Voici les idées du socialisme russe qui a reçu le nom de populisme (narodnicestvo). A la suite de Tchaadaev, dont il était le disciple, Herzen considère que la Russie a toujours vécu en marge de la civilisation, c'est-à-dire de l'Europe occidentale, ce qui explique que le servage et le despotisme règnent encore en Russie.

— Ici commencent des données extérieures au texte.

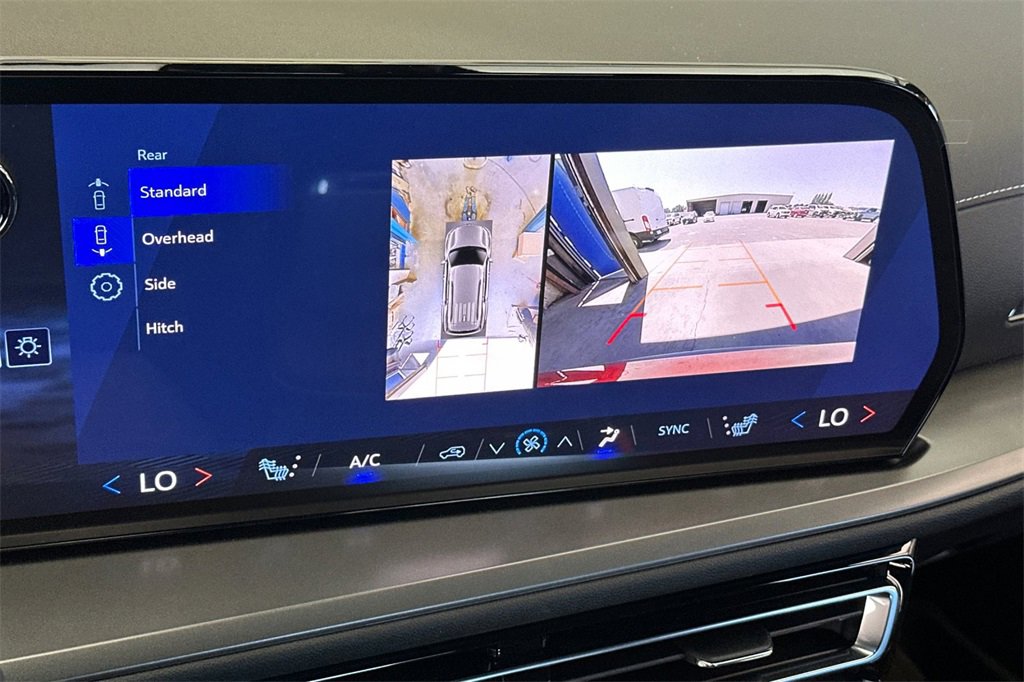 2026 Chevrolet Traverse photo 20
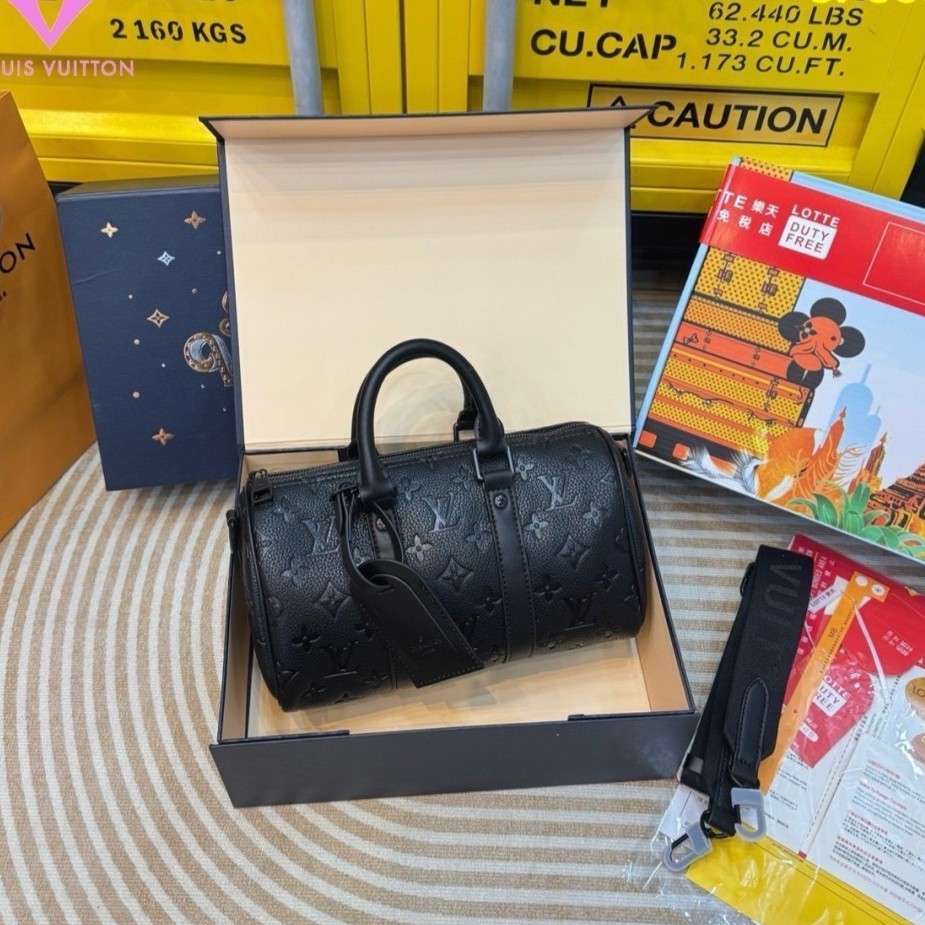 V Keepall Bandouliere 25 Bag กระเป๋าทรงหมอนสุดฮิต สีดำสวยคลาสสิค ดูแพงสุดๆ เท่และหรูในใบเดียว มาพร้อมสายสะพายแบบสปอร์ต ดีไซน์เริ่ดไม่ซ้ำใคร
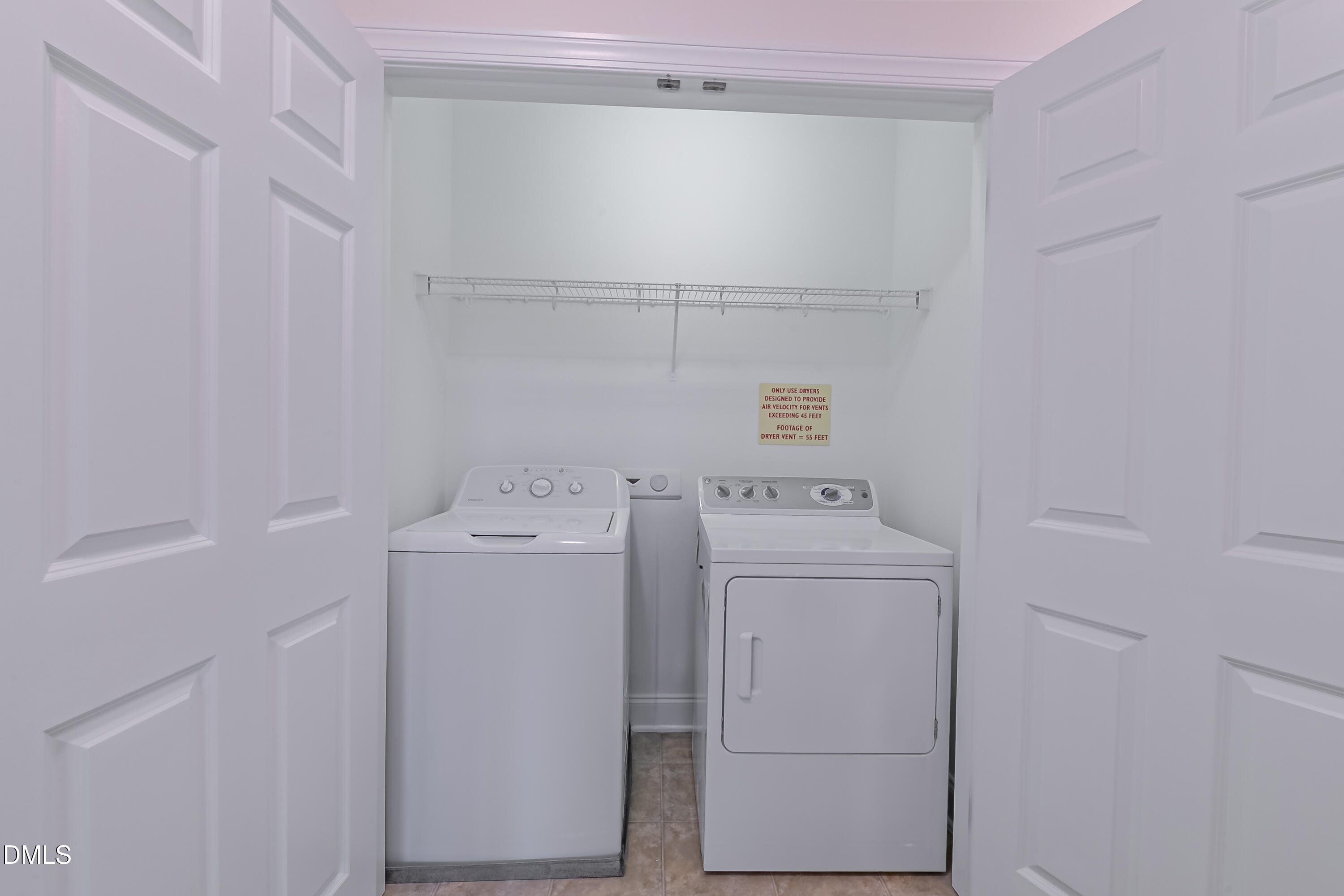 10510 Rosegate Court, Unit 301 Raleigh, NC 27617 - Photo 38 of 47 2E6A2230-HDR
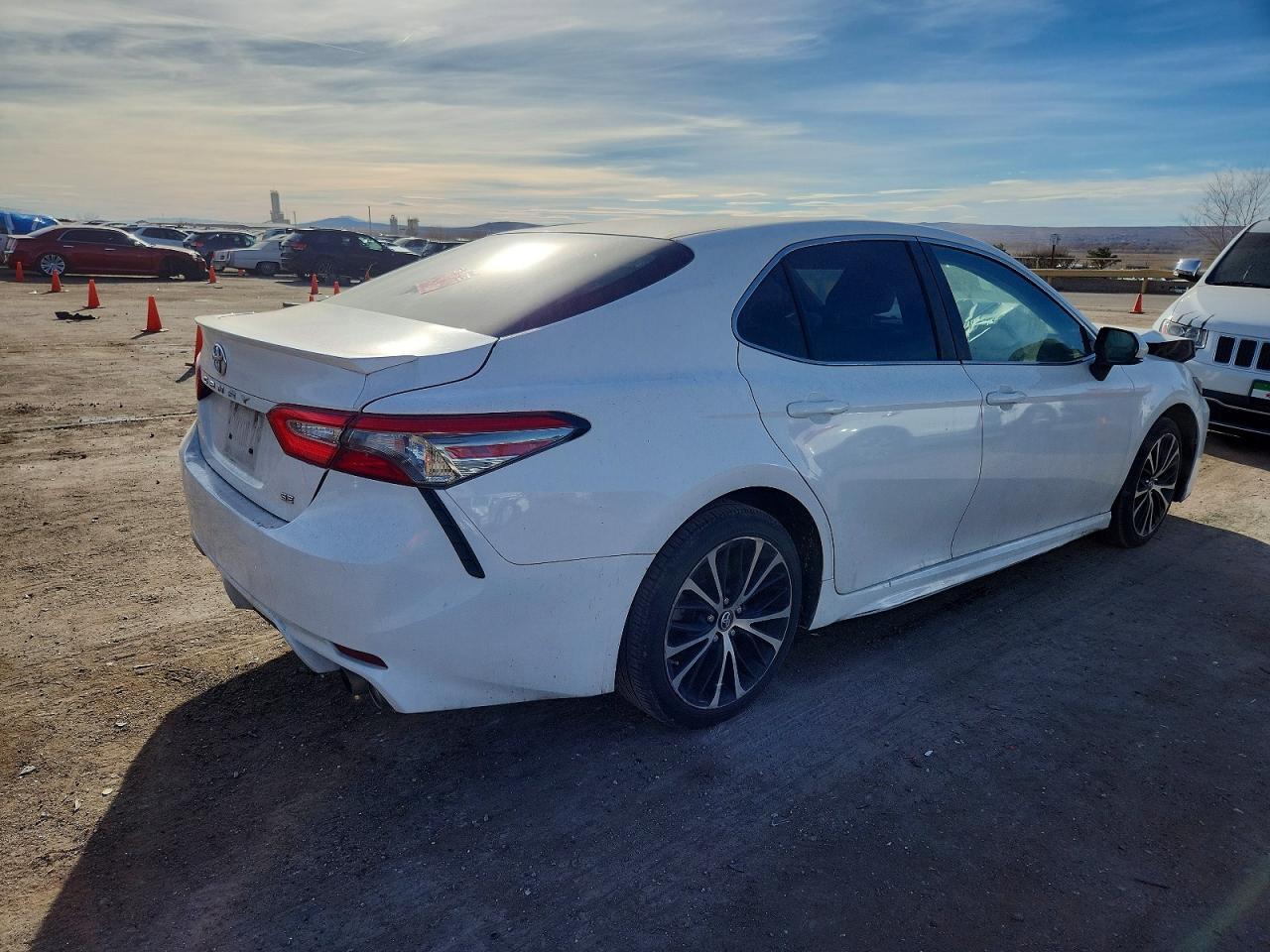 2018 Toyota Camry L - Фото 3
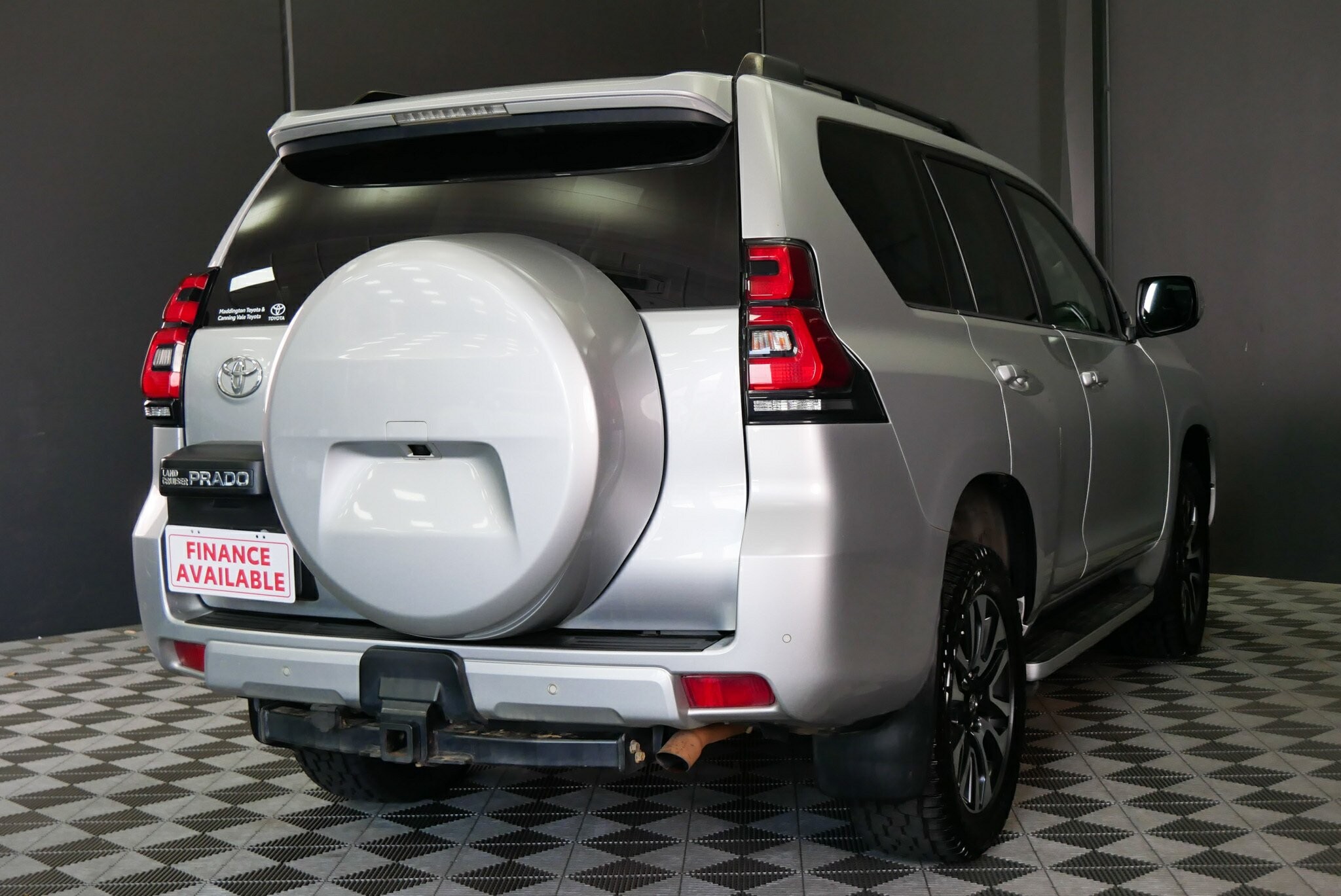Toyota Landcruiser Prado image 3
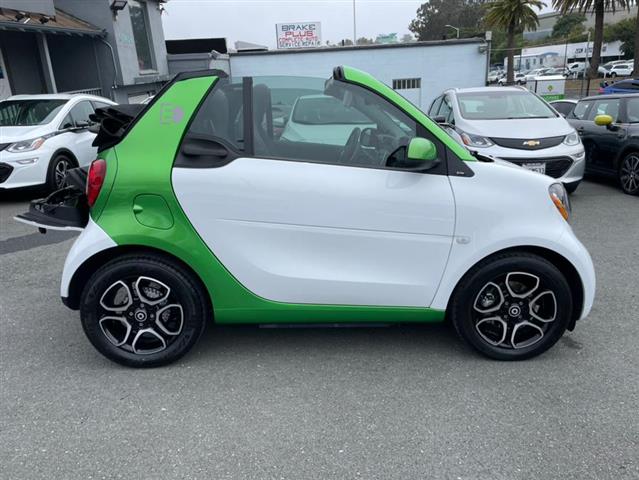 $15500 : Used 2018 fortwo electric dri image 4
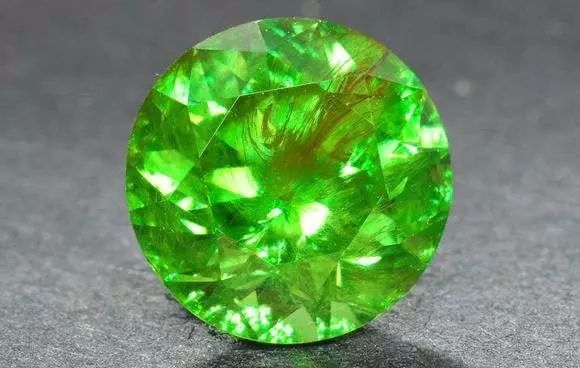 石榴石的鉴别和价格表,鉴别石榴石最简单办法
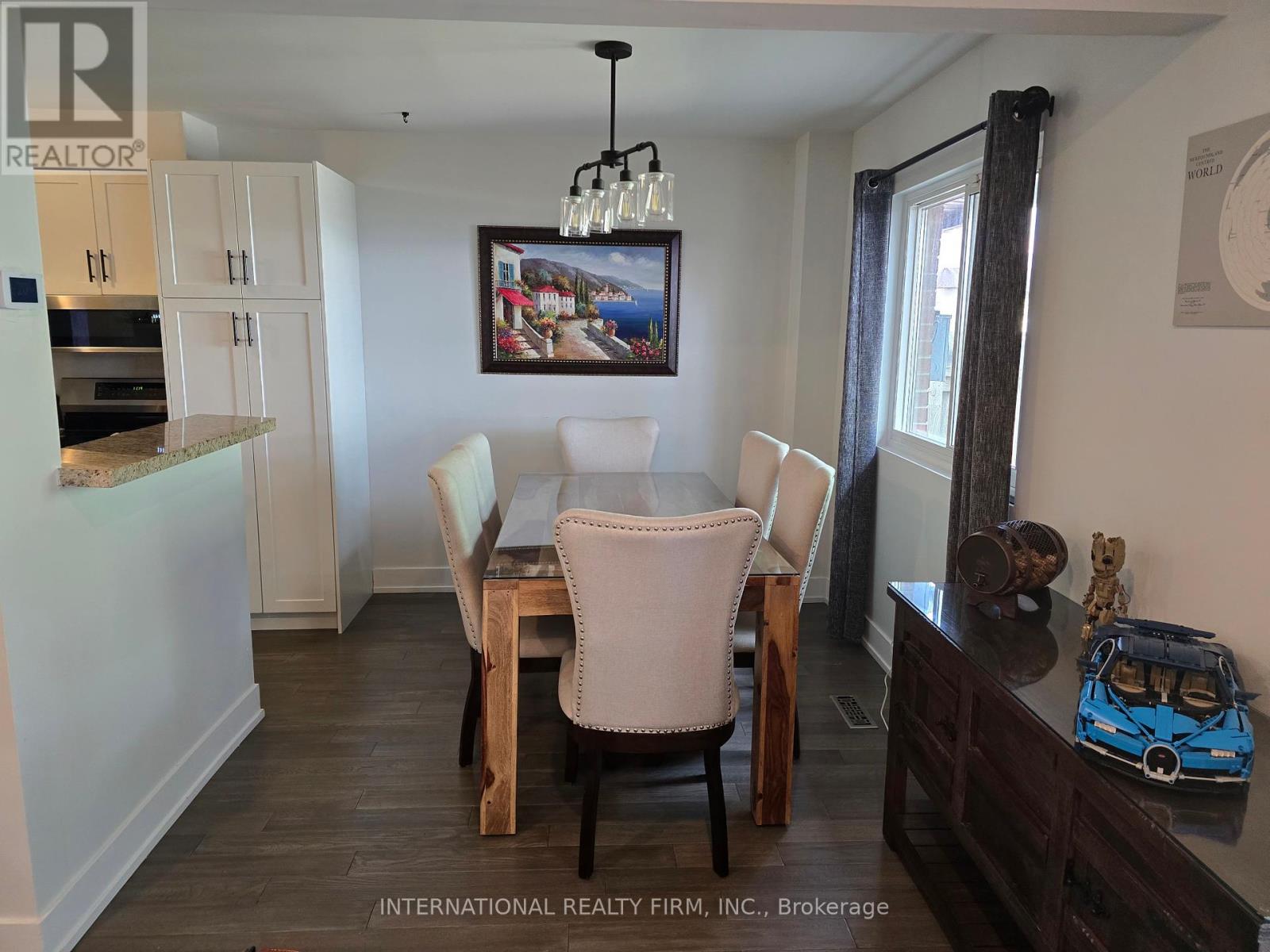 Photo 2 of 32 600 Silver Creek Boulevard, Mississauga ON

En 1848, Herzen assiste émerveillé à la Révolution et place tous ses espoirs dans le renouveau socialiste de la France. Or, en juin 1848, les ouvriers parisiens sont écrasés, et les démocrates vont, un peu partout en Europe, céder la place à la réaction. Herzen conclut alors que l'Europe en crise n'a pas suffisamment de force pour se renouveler - étant entendu, ne l'oublions pas, que le renouveau passe, selon Herzen, par le socialisme. Il considère que le déclin de l'Europe occidental vient de commencer et que l'avenir appartient probablement aux Etats-Unis et à la Russie.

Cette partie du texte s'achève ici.